We hear a lot about productivity these days and it’s impact on being competitive. I believe this to be a mistaken relationship. Or better stated, an incomplete relationship. I am not saying that productivity is not important. It is just that production is only half of the equation. The other half is production control.
Production and production control are balanced against each other. The idea is to produce products and services to a production control target. For example, a business can say they need to produce 100 units per hour, or they can say they need to produce 100 units per hour that meet 100% of the targeted customer critical to quality specifications.
The result is that you may take a production line that can produce 200 units per hour if quality is not a concern, and tune it to produce 100 units per hour with no waste, rework or negative customer impact. I know what you are saying here. “My productivity is half of what it was and my costs are higher.”
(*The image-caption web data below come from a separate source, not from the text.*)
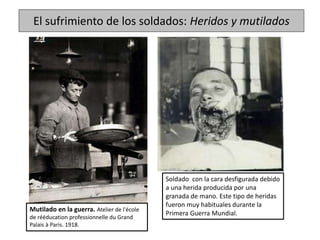 El sufrimiento de los soldados: Heridos y mutilados
Mutilado en la guerra. Atelier de l'école
de rééducation professionnelle du Grand
Palais à Paris. 1918.
Soldado con la cara desfigurada debido
a una herida producida por una
granada de mano. Este tipo de heridas
fueron muy habituales durante la
Primera Guerra Mundial.
 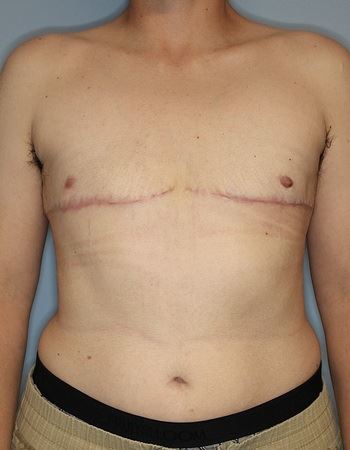 Case: 2 After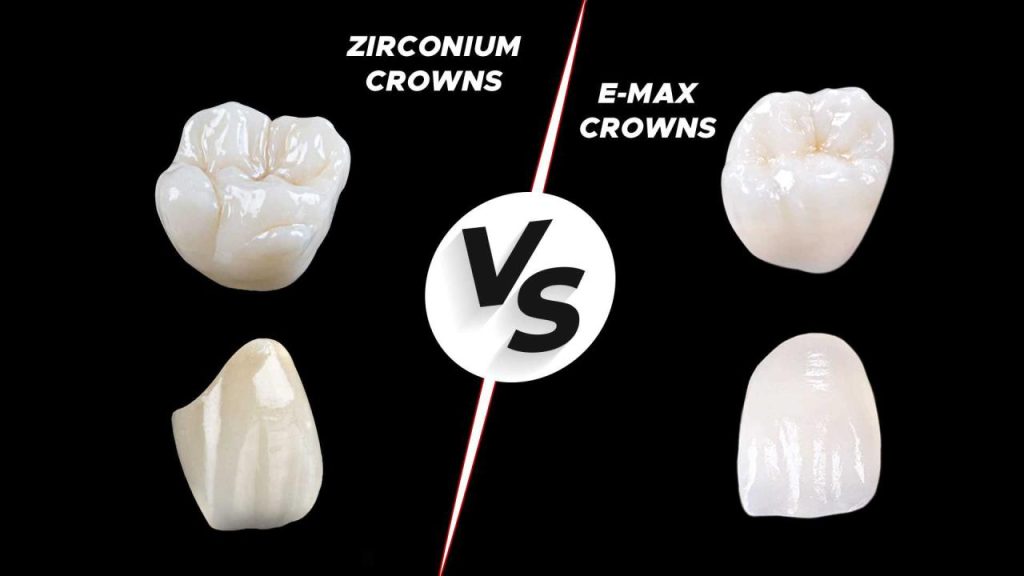 Perbadingan jenis gigi tiruan dengan bahan Maryland, Emax dan Zirkonia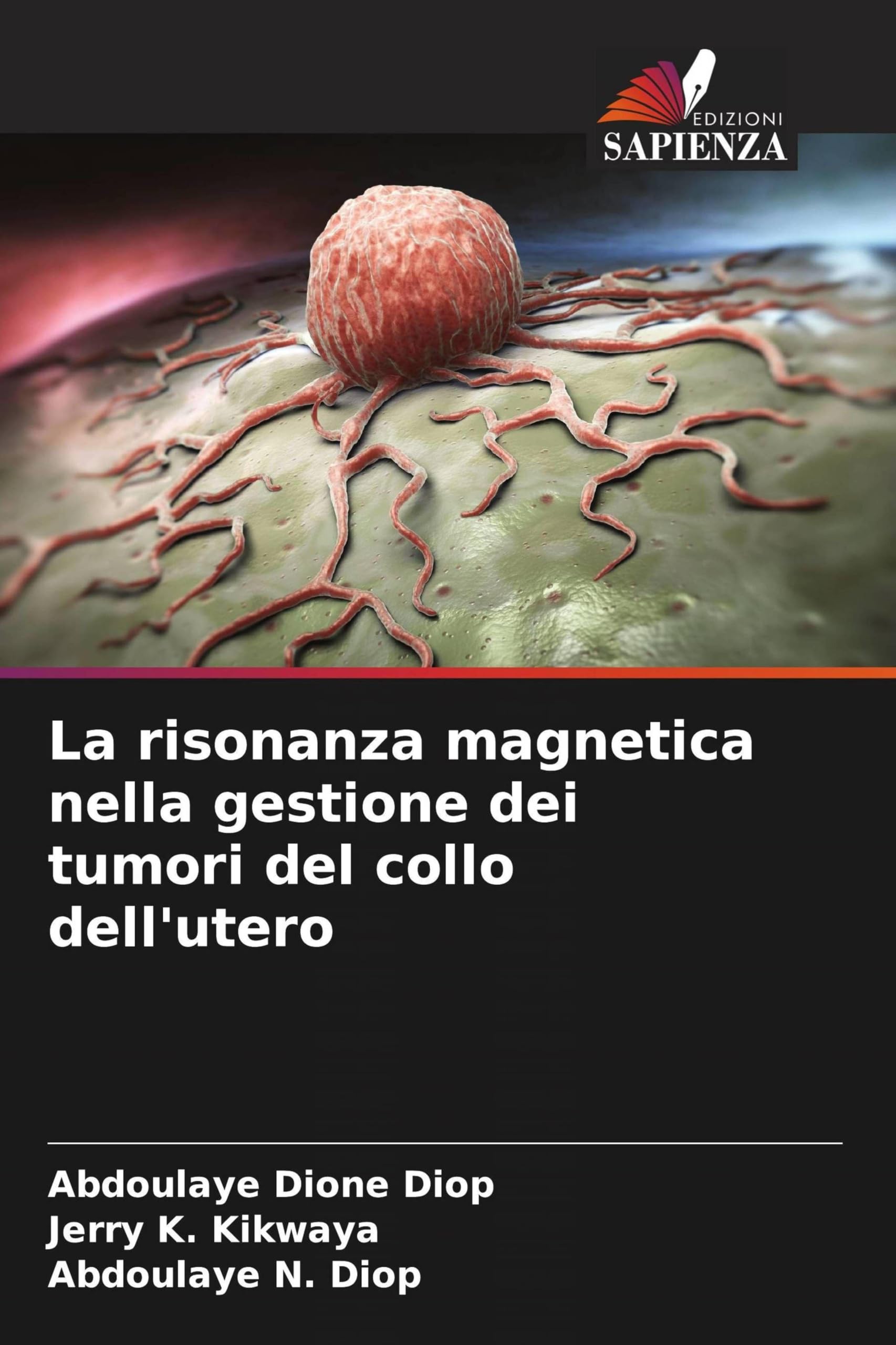 La risonanza magnetica nella gestione dei tumori del collo dell'utero Medicine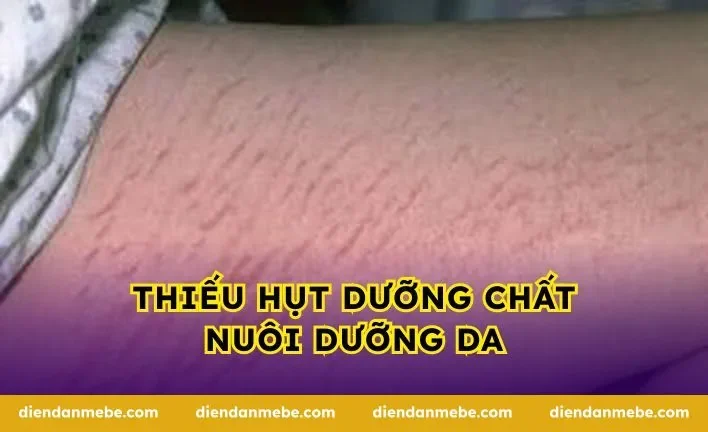 Thiếu hụt dưỡng chất nuôi dưỡng da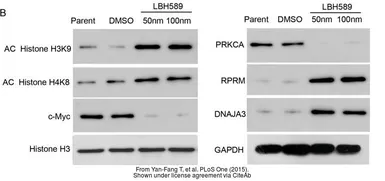 Anti-RPRM antibody [N1C3] used in Western Blot (WB). GTX110976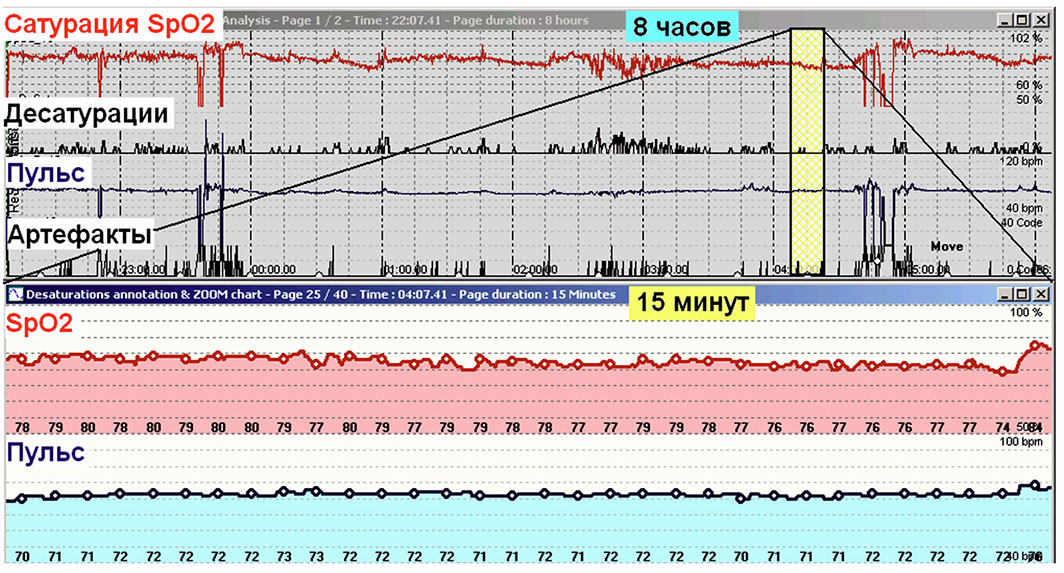 Сатурация у лежачих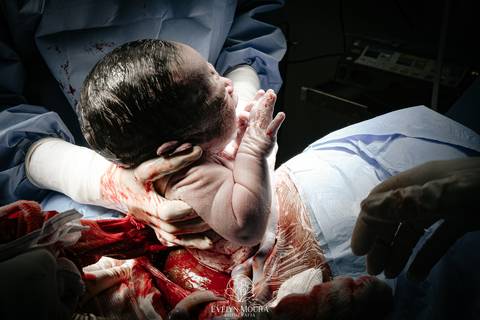 Fotografia de Parto - Newborn - Evelyn Moura Fotografia em Niterói, Rio de Janeiro - ensaio infantil - newborn de recém nascido - partos - parto em niteroi - registro de parto - maternidade são francisco - doce nascer - parto humanizado - andrea barbosa '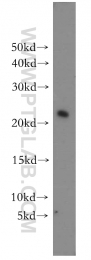 15685-1-AP - UBE2H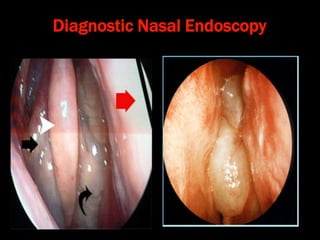 Diagnostic Nasal Endoscopy
 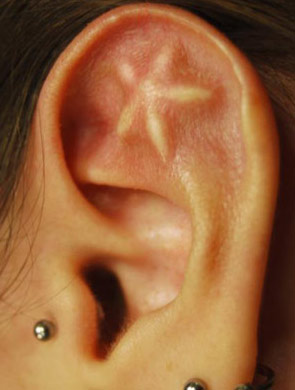 Implants Piercing On Girl Left Ear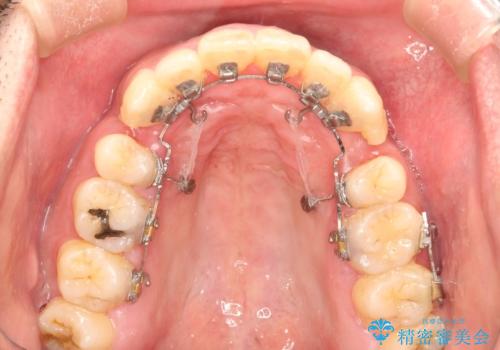 出っ歯の抜歯矯正　裏側ワイヤーによる目立たない矯正の治療中
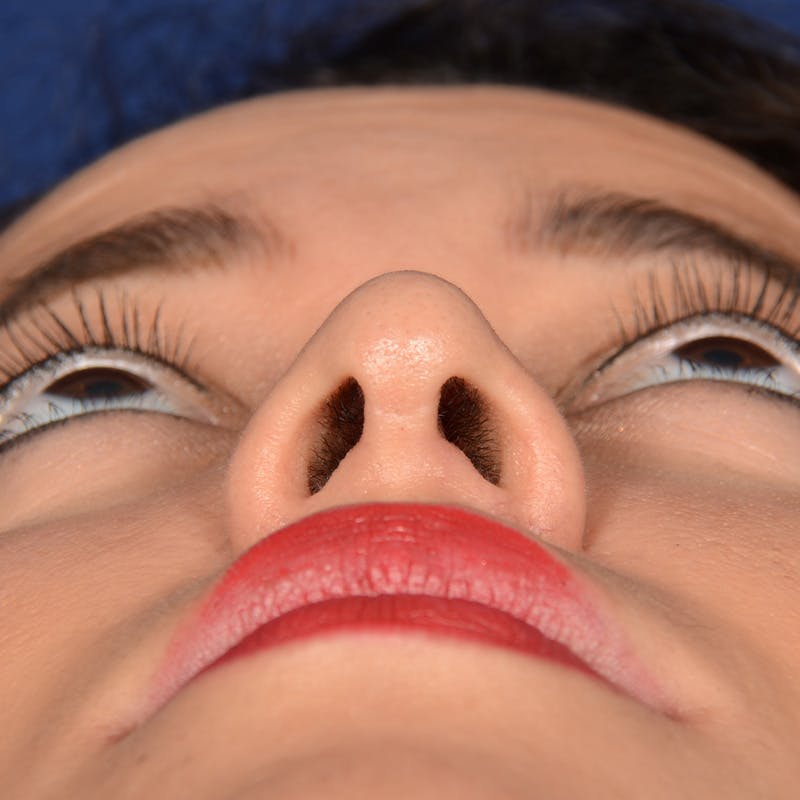Corrective / Revision Rhinoplasty Before & After Gallery - Patient 846130 - Image 8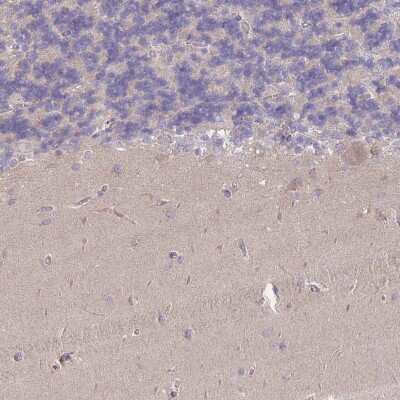 Immunohistochemistry-Paraffin: MRPS18B Antibody [NBP2-48958]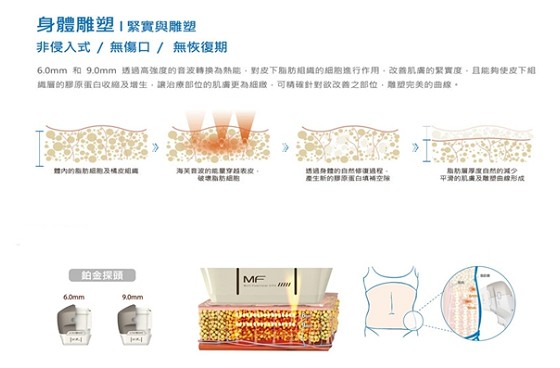 海芙音波跟极线音波该如何选择？ 音波拉提副作用恢复期？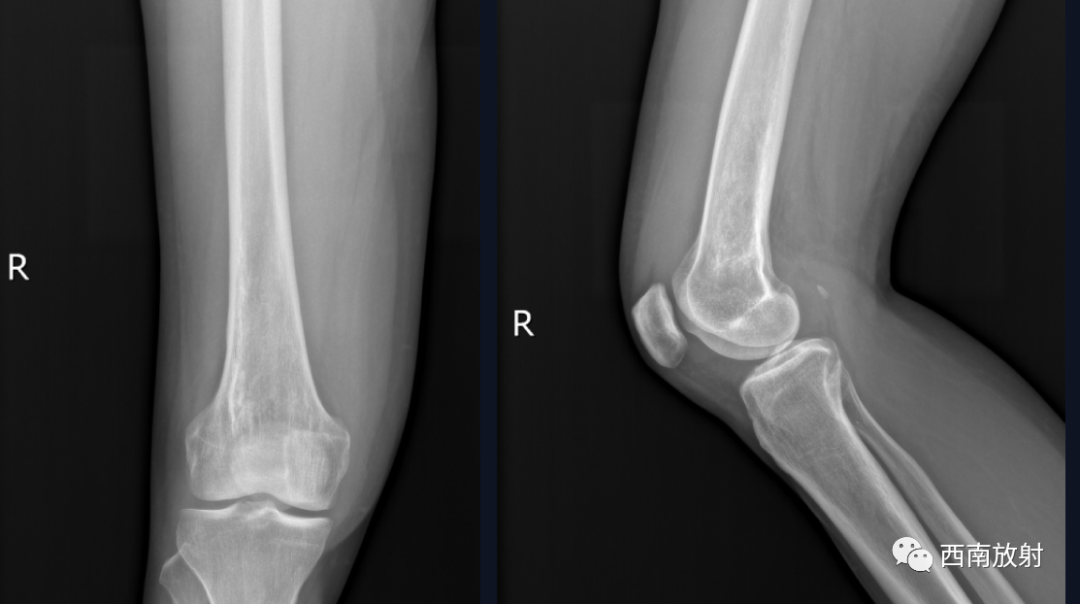 【病例】慢性骨髓炎1例X线CT及MR-2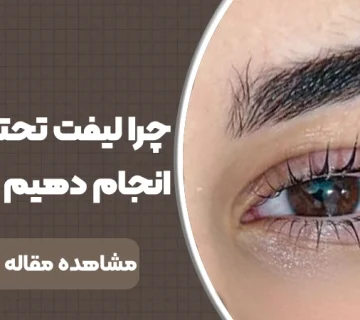 چرا لیفت تحتانی ابرو انجام دهیم؟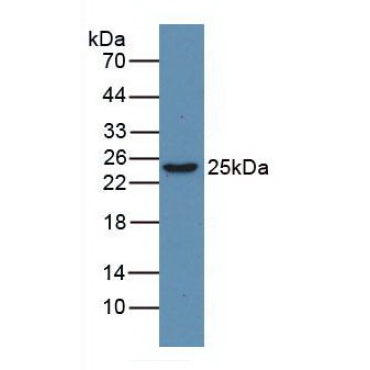 High Mobility Group Protein 1 (HMGB1) Human Monoclonal Antibody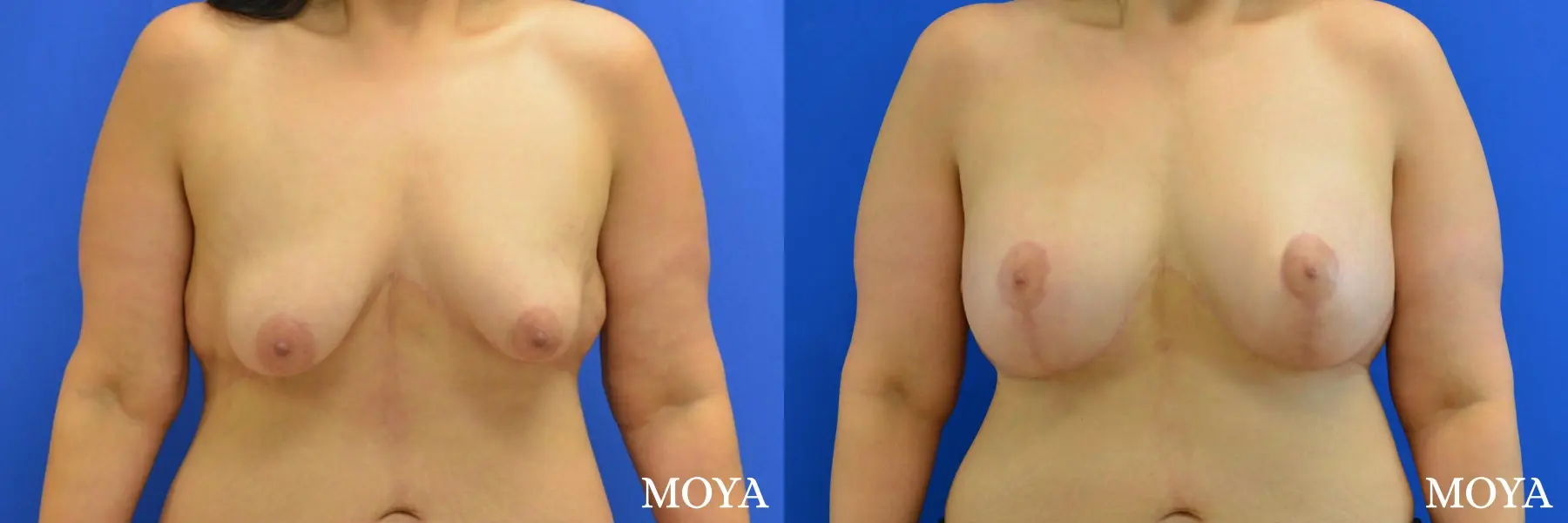 Breast Augmentation With Lift: Patient 10 - Before and After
Is this really the case? Out of the 200 units originally produced, how many met customer specifications? How many of the 200 units had to be scrapped or reworked? How many inspectors, rework, and scrap removal dollars have been spent? How much market share did you lose because customer expectations were not met? The lack of quality will never save you money. It will always cost you more.
The trick to staying viable in a difficult economy is to remember that shoppers buy based upon perceived quality. Especially when their financial resources are limited. No one wants to waste their money on a cheap, but ineffective, purchase.
The way to business success is by managing both production and production control. That is, to measure a process’s production capability by its ability to produce “at quality”. This enables a business to make capital and human investment decisions based upon a process’s true “customer” capability.